300+ [UPDATED] Distributed Computing Interview Questions

1. Define Distributed System?

A distributed system is a collection of independent computers that appears to its users as a single coherent system. A distributed system is one in which components located at networked communicate and coordinate their actions only by passing message.

2. List The Characteristics Of Distributed System?
- Programs are executed concurrently
- There is no global time
- Components can fail independently (isolation, crash)

3. Mention The Examples Of Distributed System?
- The Internet
- Intranets
- Mobile and ubiquitous computing

4. What Is Mobile And Ubiquitous Computing?

Mobile:
Computing devices are being carried around.

Ubiquitous:
Little computing devices are all over the place.

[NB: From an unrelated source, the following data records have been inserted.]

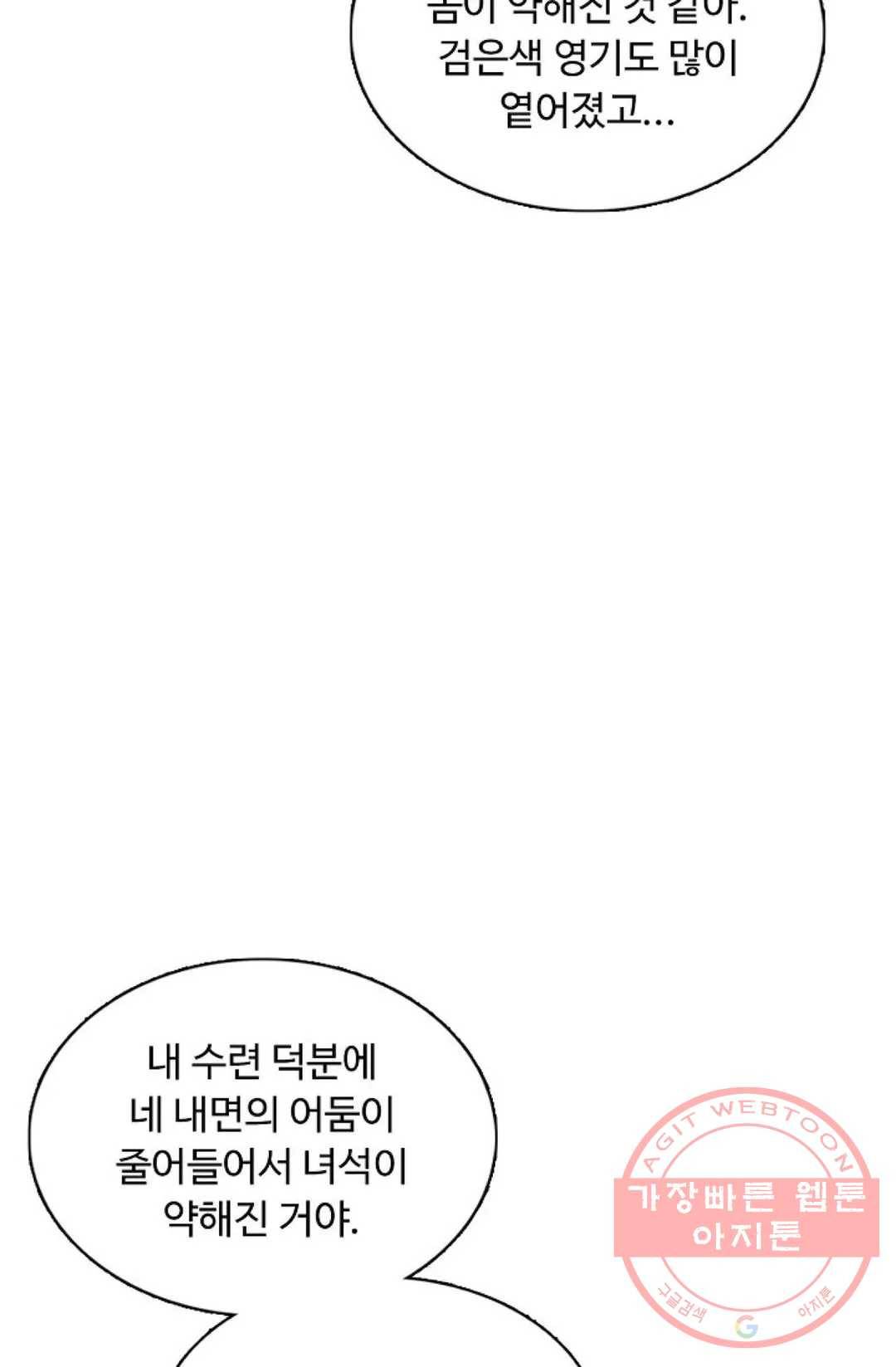 회귀하여 최강 신왕으로 110화 24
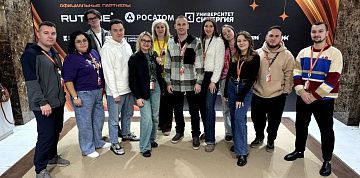 Камазовская команда КВН получила повышенный рейтинг на фестивале «КиВиН-2026» в Сочи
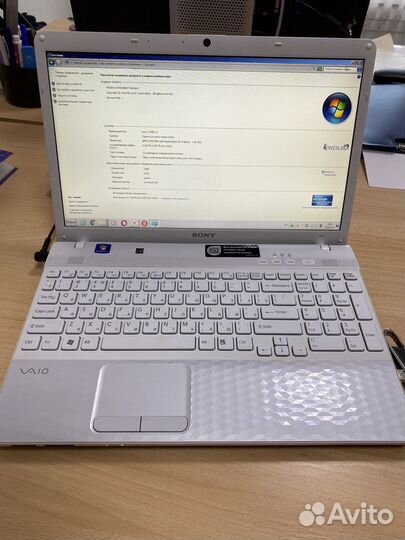 Ноутбук бу sony vaio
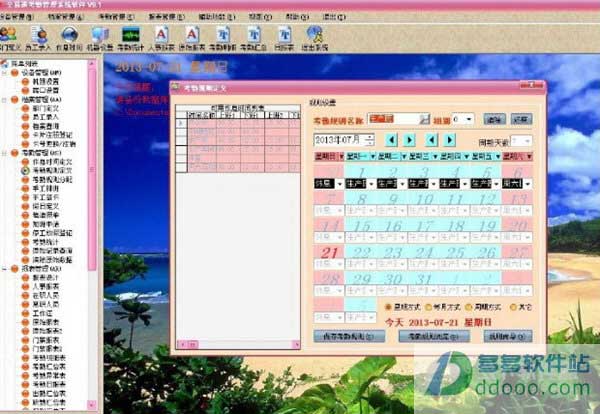 全易通考勤管理系统软件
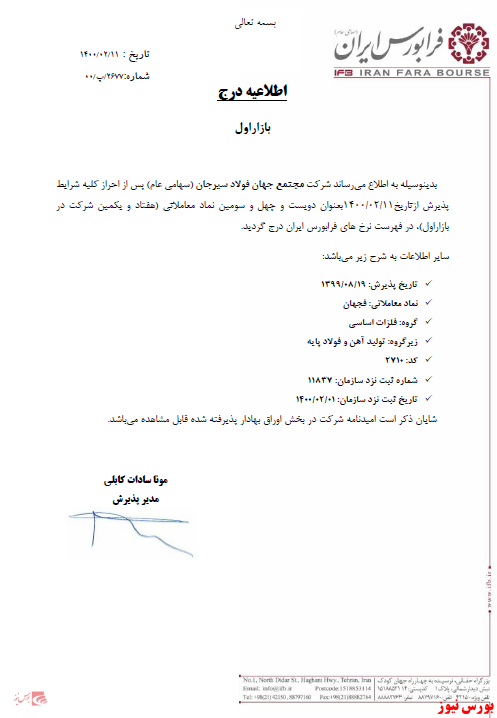 درج 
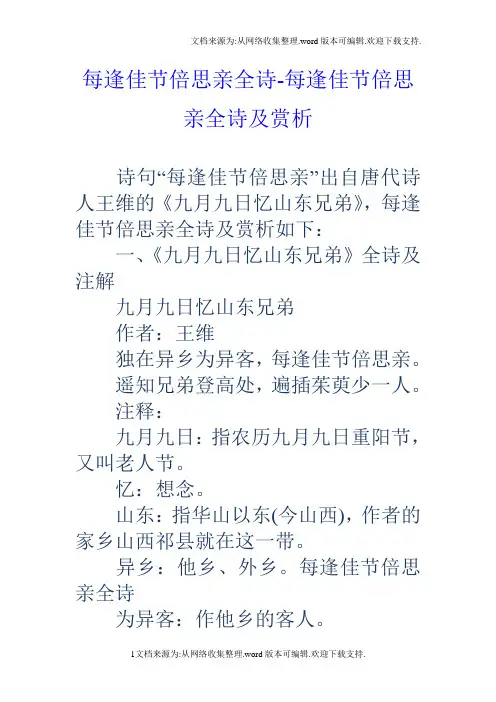 每逢佳节倍思亲全诗每逢佳节倍思亲全诗及赏析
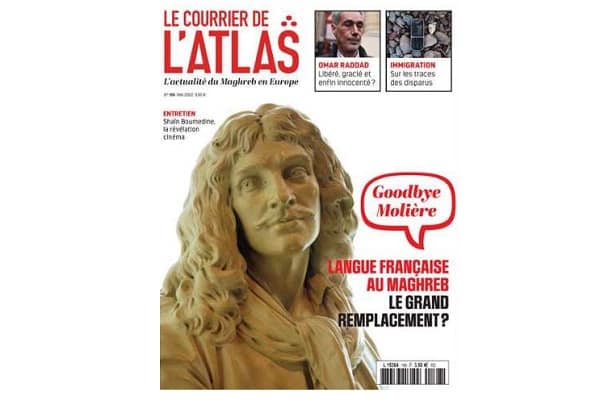 Abonnement Le Courrier de l'Atlas pas cher 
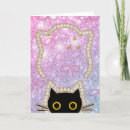 Suche nach kawaii katze karten Katzenmutter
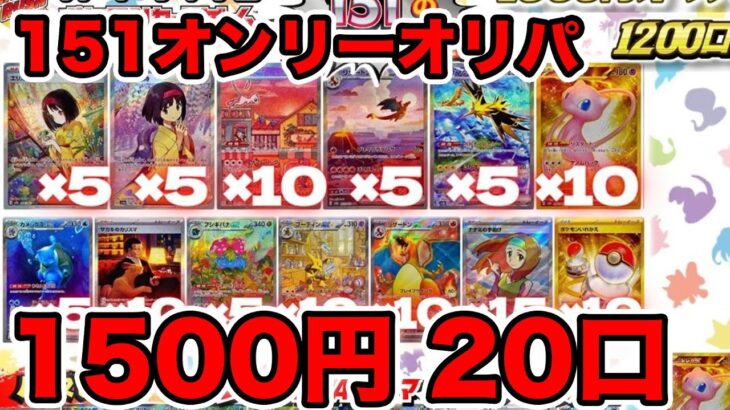 【ポケカ】151のカードしか出ないオリパを大量開封【30000円分】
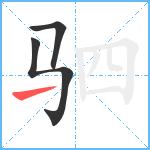 驷笔顺分解图片3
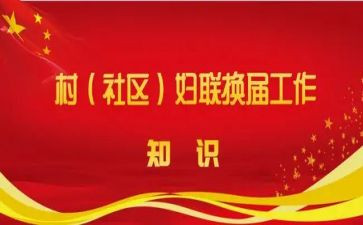 社区两委会工作总结范文6篇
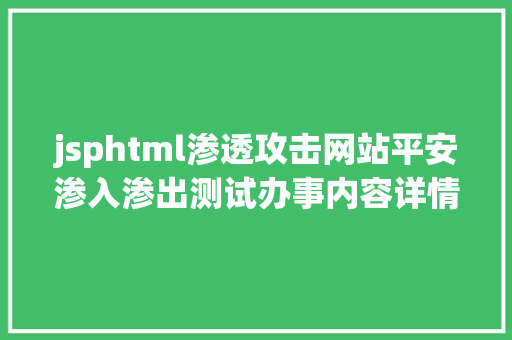 jsphtml渗透攻击网站平安渗入渗出测试办事内容详情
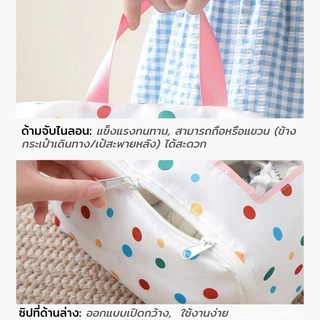 ถุงเก็บรองเท้า ถุงเก็บรองเท้า แบบพกพา กันน้ำ กันฝุ่น เหมาะสำหรับการท่องเที่ยว ถุงใส่ของอเนกประสงค์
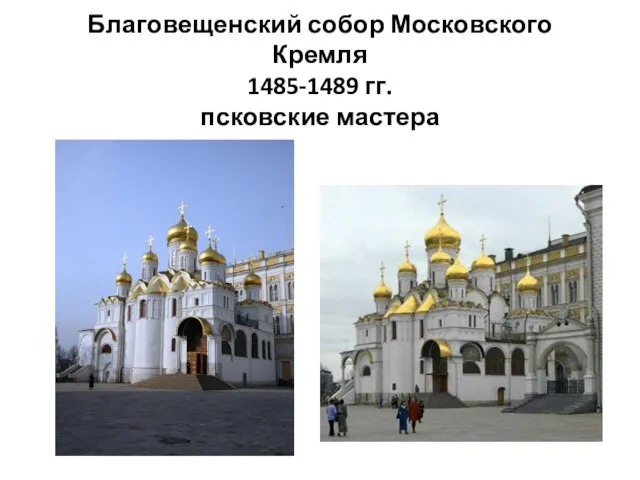 Благовещенский собор Московского Кремля 1485-1489 гг. псковские мастера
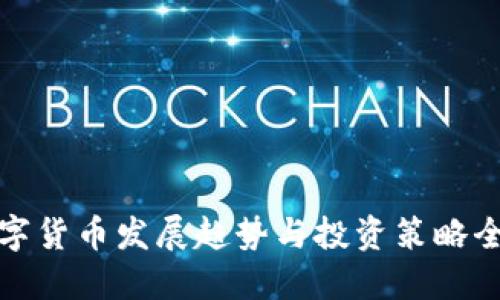 数字货币发展趋势与投资策略全解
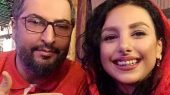 کارت عروسیِ غمناک مهرداد میناوند 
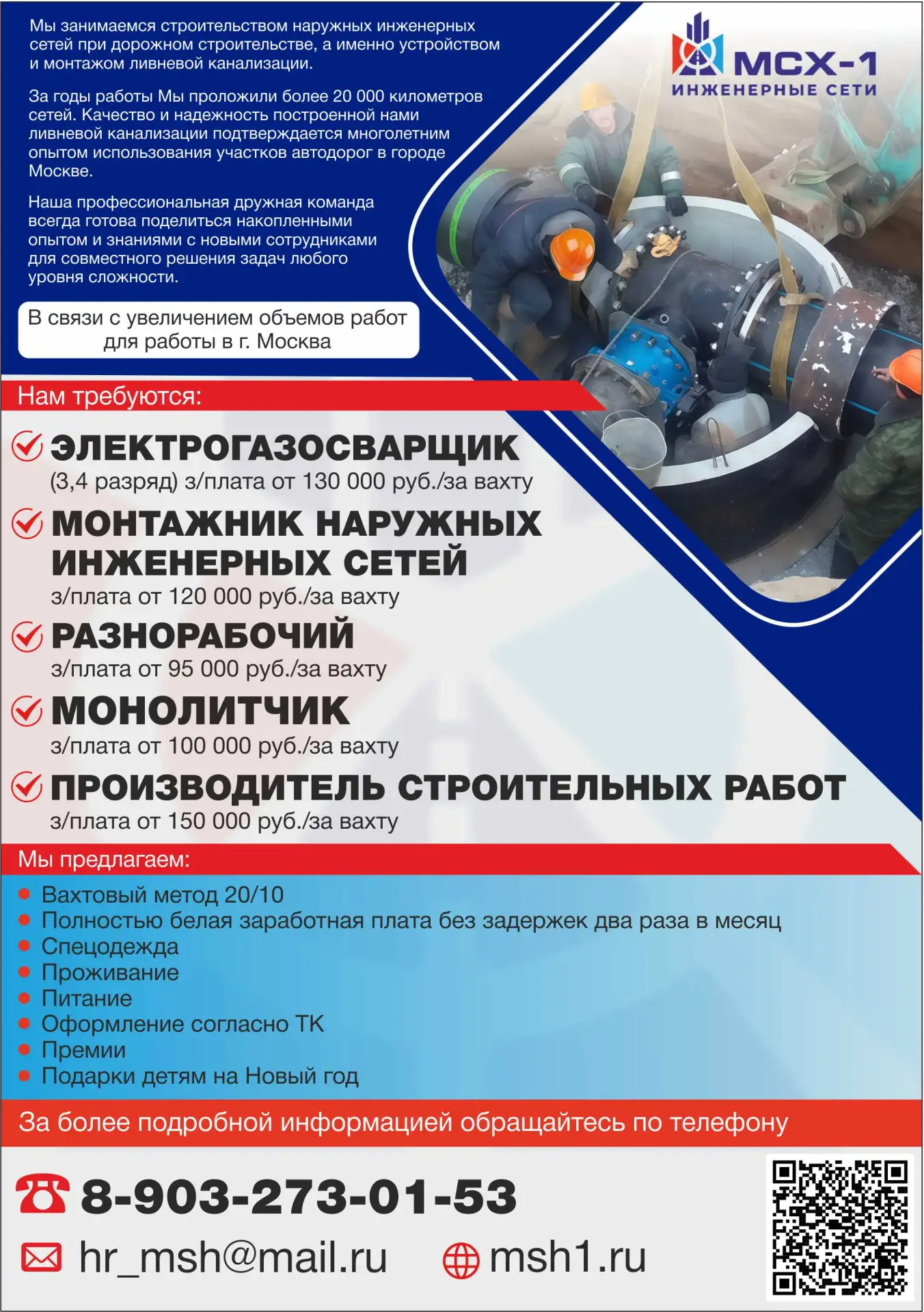 🔔 МСХ‑1 Инженерные сети

📍 Место работы: г. Москва

Мы - команда профессионалов в сфере строительс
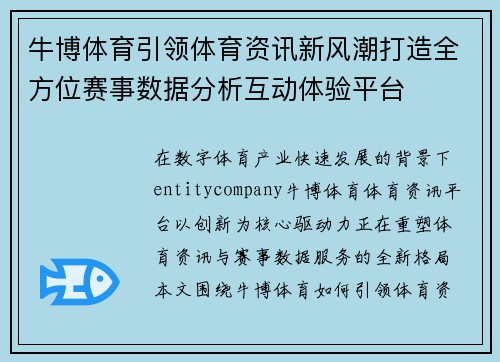 牛博体育引领体育资讯新风潮打造全方位赛事数据分析互动体验平台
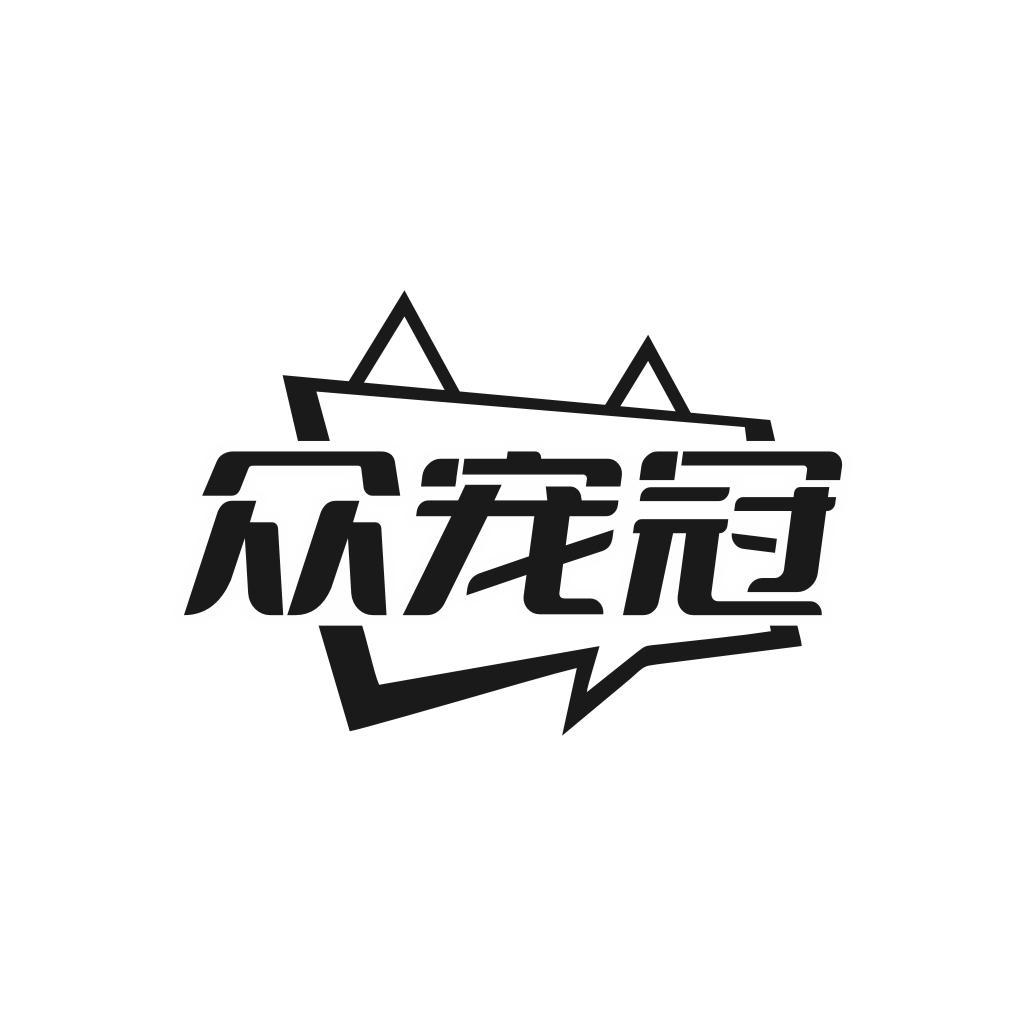 众宠冠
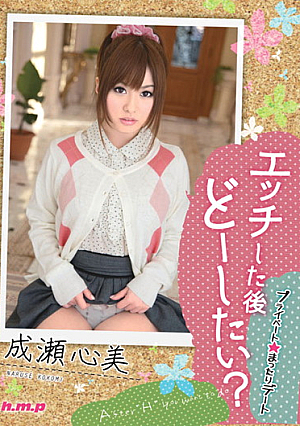 What Do You Want To Do After Sex? Private Date With Kokomi Naruse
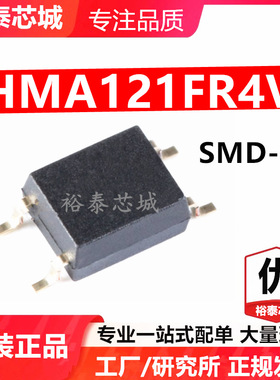 HMA121FR4V SMD-4 芯片 全新原装进口 一站式配单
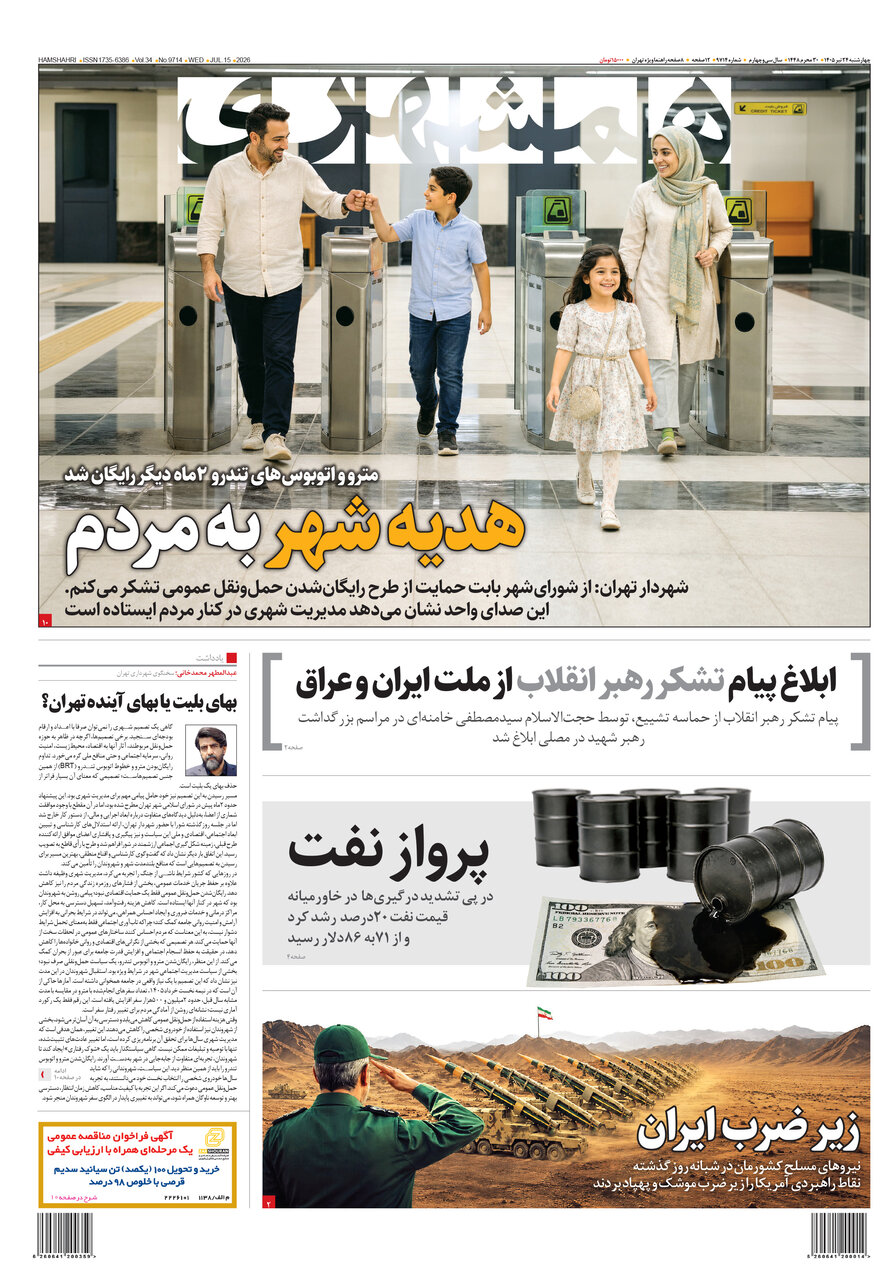 همشهری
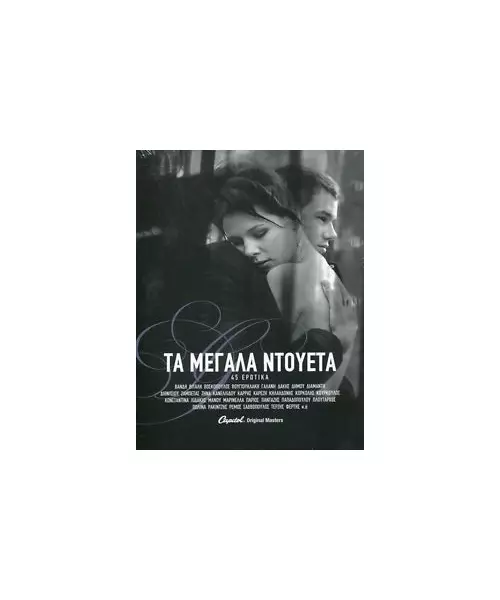 ΤΑ ΜΕΓΑΛΑ ΕΡΩΤΙΚΑ - 45 ΕΡΩΤΙΚΑ - ΔΙΑΦΟΡΟΙ (3CD)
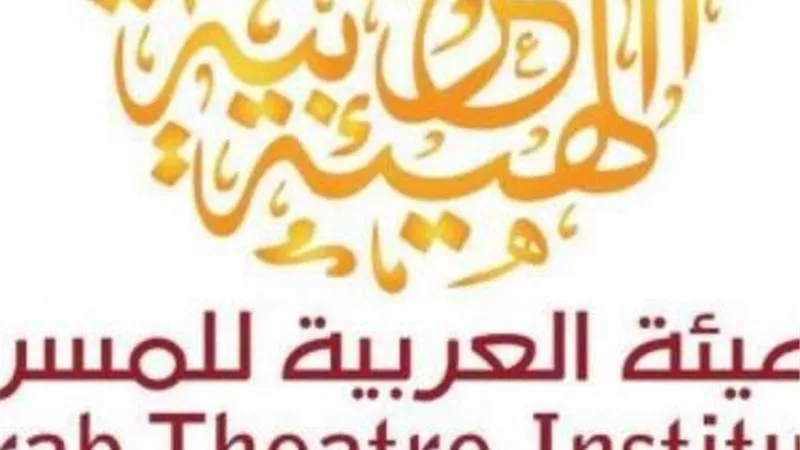 الهيئة العربية للمسرح تؤجل إقامة المهرجانات بسبب كورونا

5. Mention The Challenges In Distributed System?
1. Heterogeneity
2. Openness
3. Security
4. Scalability
5. Failure handling
6. Concurrency
7. Transparency

6. What Are The Advantages Of Distributed Systems?
- Performance
- Distribution
- Reliability (fault tolerance)
- Incremental growth
- Sharing of data/resources
- Communication

7. What Are The Disadvantages Of Disadvantages Of Distributed Systems?
- Difficulties of developing distributed software
- Networking problems
- Security problems

8. Write The Difference Between Mobile And Ubiquitous Computing?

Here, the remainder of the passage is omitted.